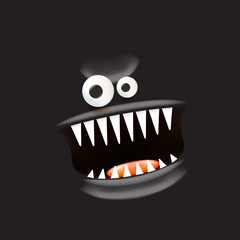 black monster. Vector funny angry black shark face with open mouth with fangs and evil eyes isolated on black background. Halloween and angry monster design template for poster, banner and tee print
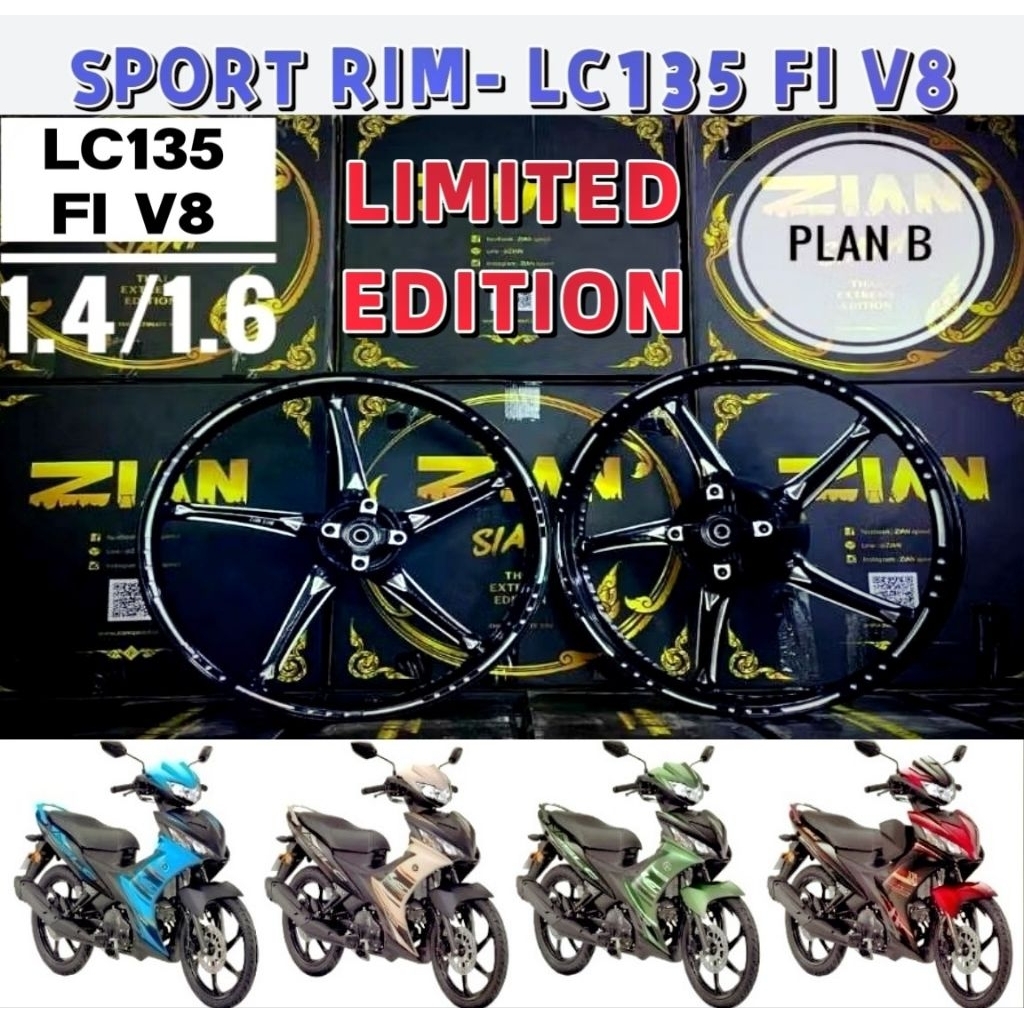 LC135 FI V8 SPORT RIM LIMITED EDITION ZIAN SIAM SP522 LAY CNC LC 135 FUEL INJECTION FG511 FG505 4 BA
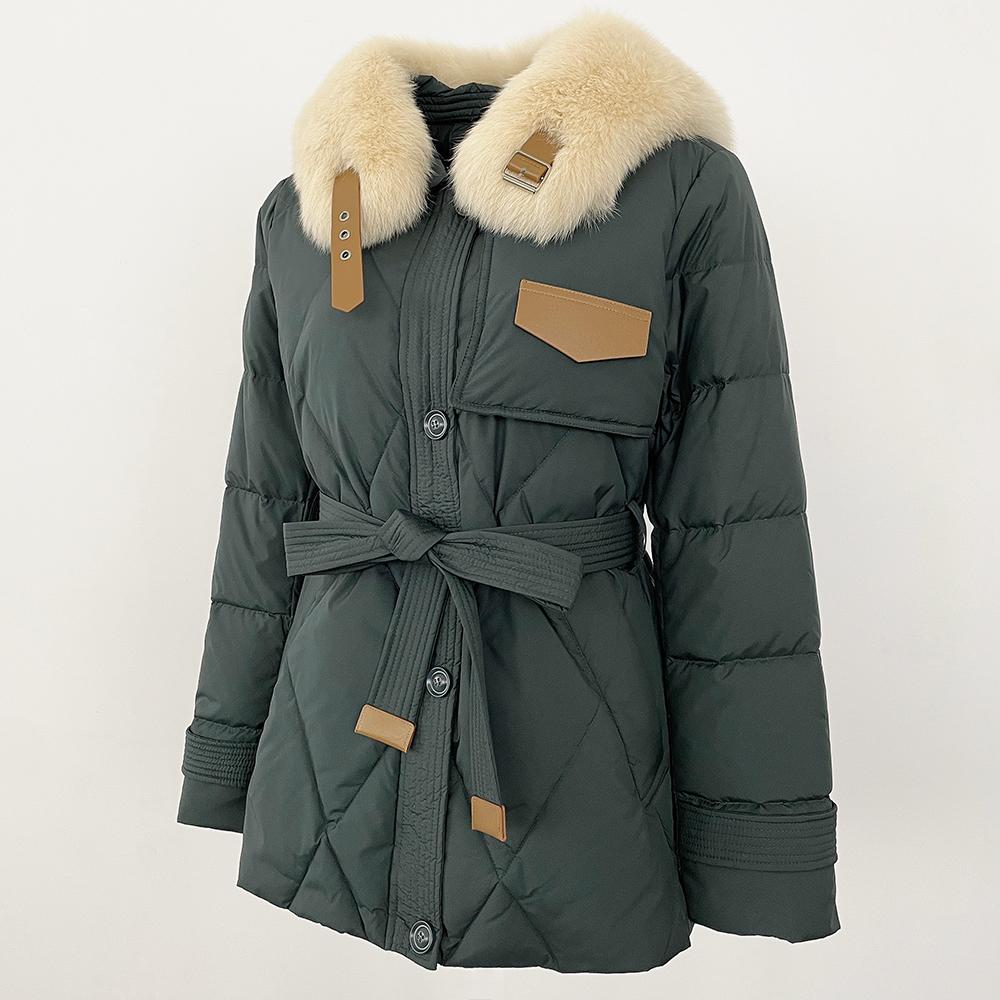 OFTBUY 2024 Winter Jacke Frauen Echt Fox Pelz Kragen Natürliche Dicke Warme Ente Unten Mantel Gürtel Oberbekleidung Streetwear Casual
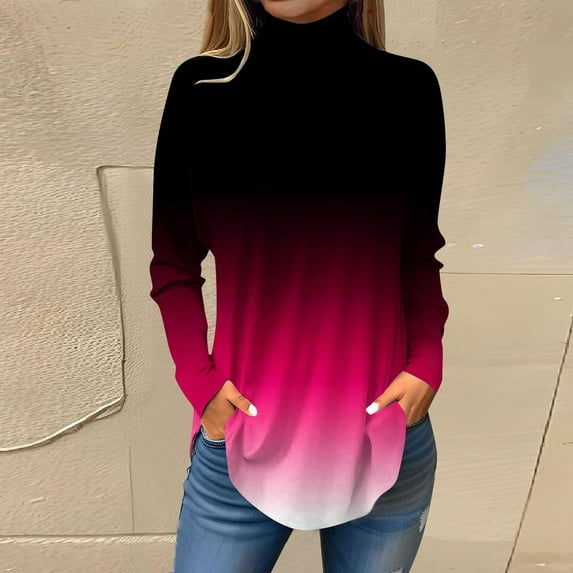 Texiao Tops for Women Trendy Long Sleeve Fall Blouses Printed Turtleneck Top Loose Winter Shirts Cozy Lightweight T Shirts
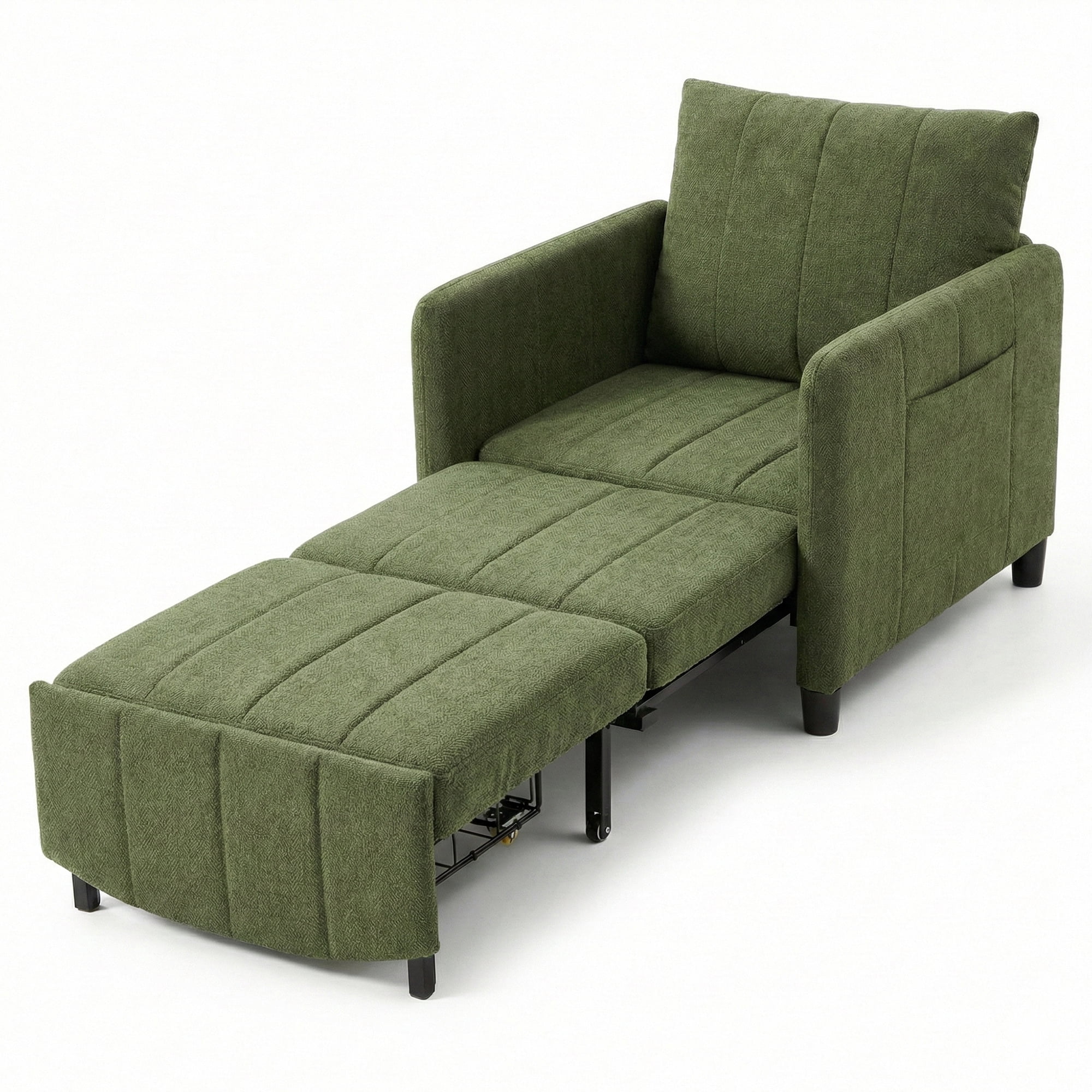 YIKEMA 4-in-1 Convertible Sleeper Chair Bed, 84 Inch Extra Long Pull Out Sofa for Tall Guests, Adjustable Backrest Lounge with Side Storage & Metal Frame, 500 lbs Capacity, Green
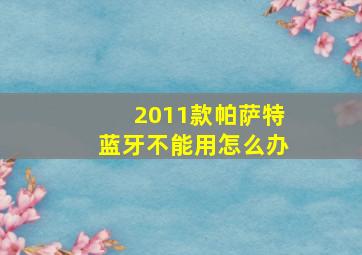 2011款帕萨特蓝牙不能用怎么办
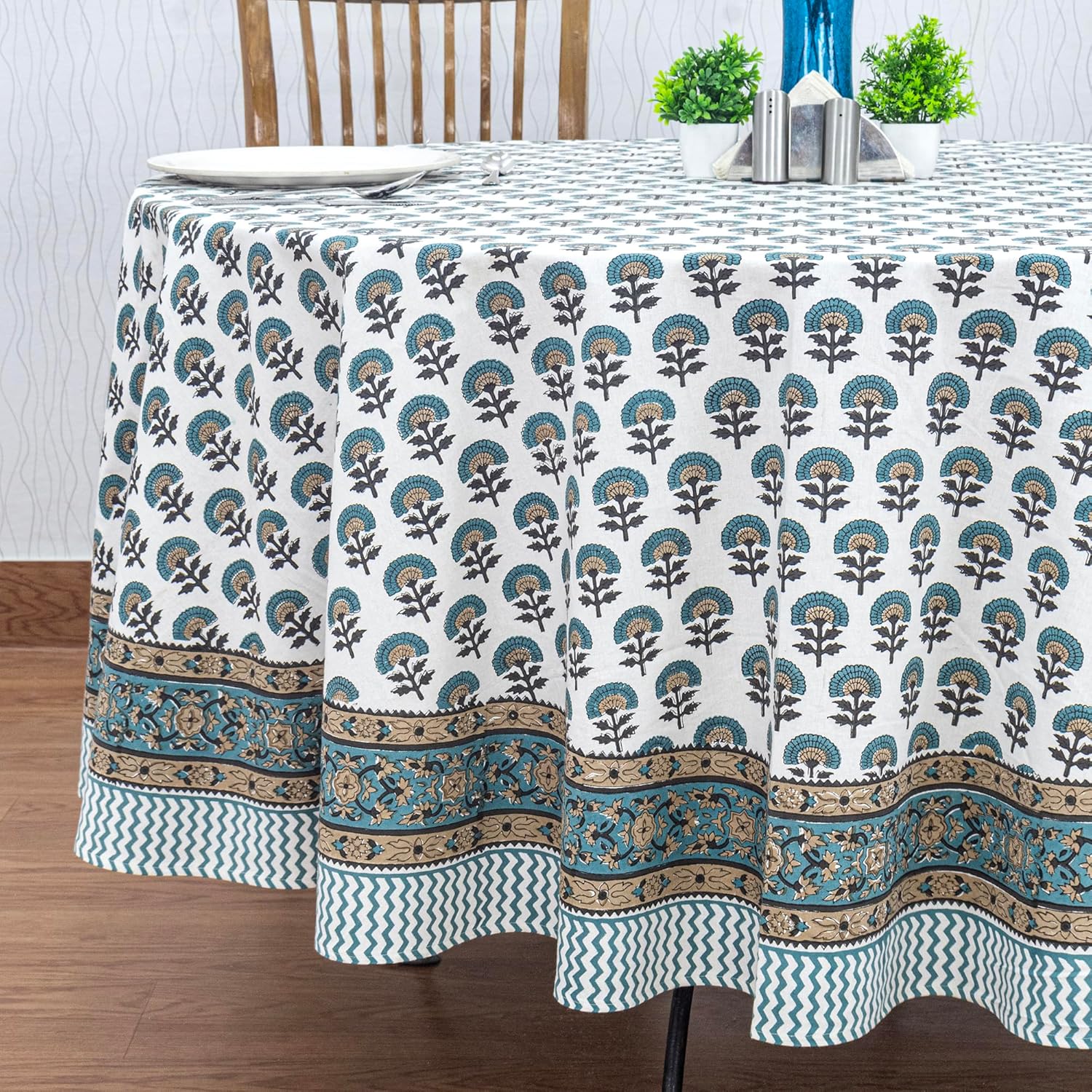 60 Inches Round Hand Block Printed Cotton Tablecloth, Blue Yellow Floral Table Cloths Washable, Indian Table Linen Home Decor Dinning Outdoor - Image 5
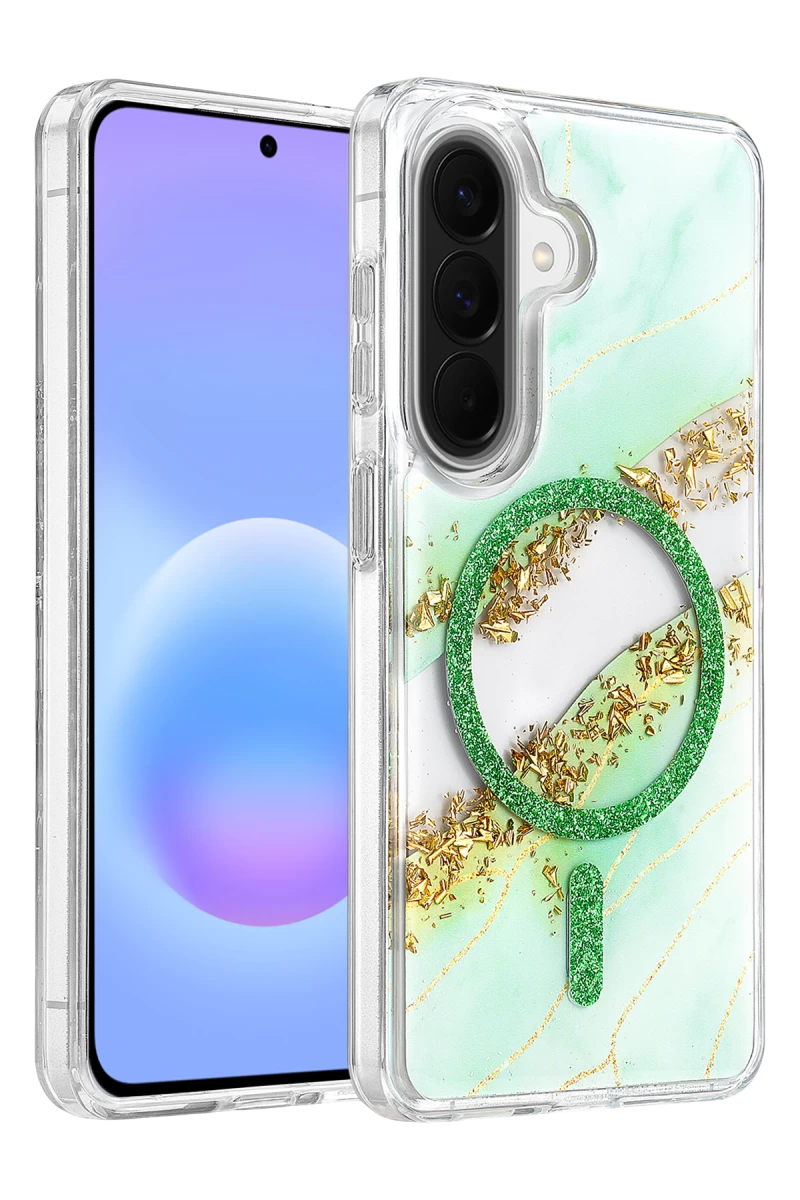 Onegif Samsung Galaxy A37 5G Uyumlu Lotus Simli Magsafe Kapak - Yeşil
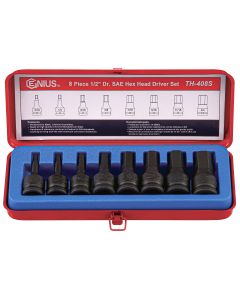 Premium SAE Hex Impact Bit Socket Set - 8 Piece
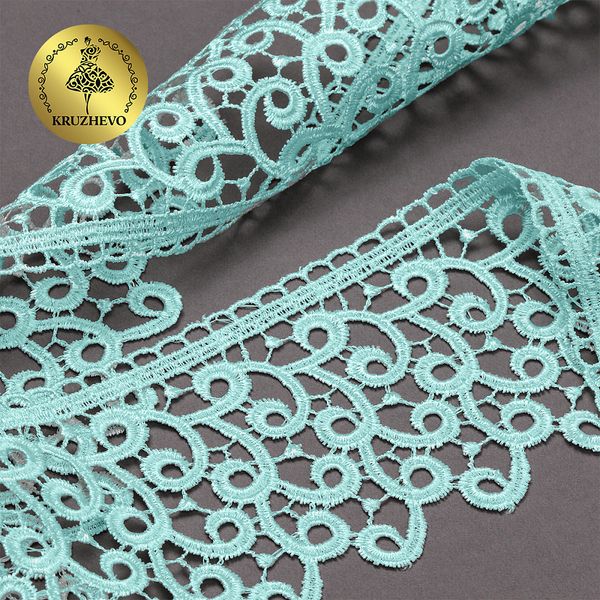 Кружево гипюр (плетёное) 80 мм, TR.8G8386, 11 мята, 12м, Kruzhevo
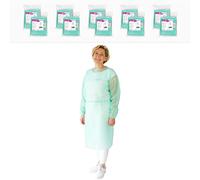 ARNOMED Surblouse jetable PP, tablier jetable vert unisexe 115x137cm, 50 pcs (5 sachets), tablier plastique jetable pour travaux et milieu médical, 23 g/m², Surblouse jetable medical en PP non-tissé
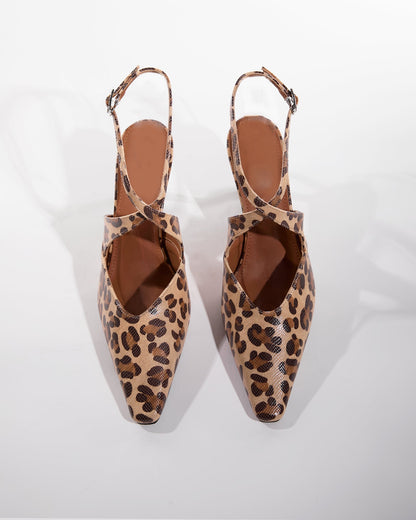 Nyla Leopard Print Cross Strap Pumps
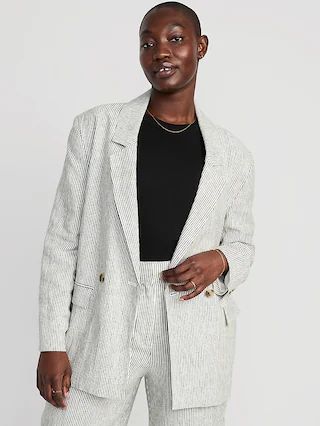 Striped Double-Breasted Linen-Blend Blazer for Women | Old Navy (US)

**What you will do**:
When you reach a picture in the records above, pass over it and transcribe the rest exactly.

**Solution to this task**:
 black monster. Vector funny angry black shark face with open mouth with fangs and evil eyes isolated on black background. Halloween and angry monster design template for poster, banner and tee print
 LC135 FI V8 SPORT RIM LIMITED EDITION ZIAN SIAM SP522 LAY CNC LC 135 FUEL INJECTION FG511 FG505 4 BA
 OFTBUY 2024 Winter Jacke Frauen Echt Fox Pelz Kragen Natürliche Dicke Warme Ente Unten Mantel Gürtel Oberbekleidung Streetwear Casual
 Texiao Tops for Women Trendy Long Sleeve Fall Blouses Printed Turtleneck Top Loose Winter Shirts Cozy Lightweight T Shirts
 YIKEMA 4-in-1 Convertible Sleeper Chair Bed, 84 Inch Extra Long Pull Out Sofa for Tall Guests, Adjustable Backrest Lounge with Side Storage & Metal Frame, 500 lbs Capacity, Green
 2011款帕萨特蓝牙不能用怎么办
 60 Inches Round Hand Block Printed Cotton Tablecloth, Blue Yellow Floral Table Cloths Washable, Indian Table Linen Home Decor Dinning Outdoor - Image 5
 Onegif Samsung Galaxy A37 5G Uyumlu Lotus Simli Magsafe Kapak - Yeşil
 Premium SAE Hex Impact Bit Socket Set - 8 Piece
 Кружево гипюр (плетёное) 80 мм, TR.8G8386, 11 мята, 12м, Kruzhevo
 ARNOMED Surblouse jetable PP, tablier jetable vert unisexe 115x137cm, 50 pcs (5 sachets), tablier plastique jetable pour travaux et milieu médical, 23 g/m², Surblouse jetable medical en PP non-tissé
 Nyla Leopard Print Cross Strap Pumps
 Striped Double-Breasted Linen-Blend Blazer for Women | Old Navy (US)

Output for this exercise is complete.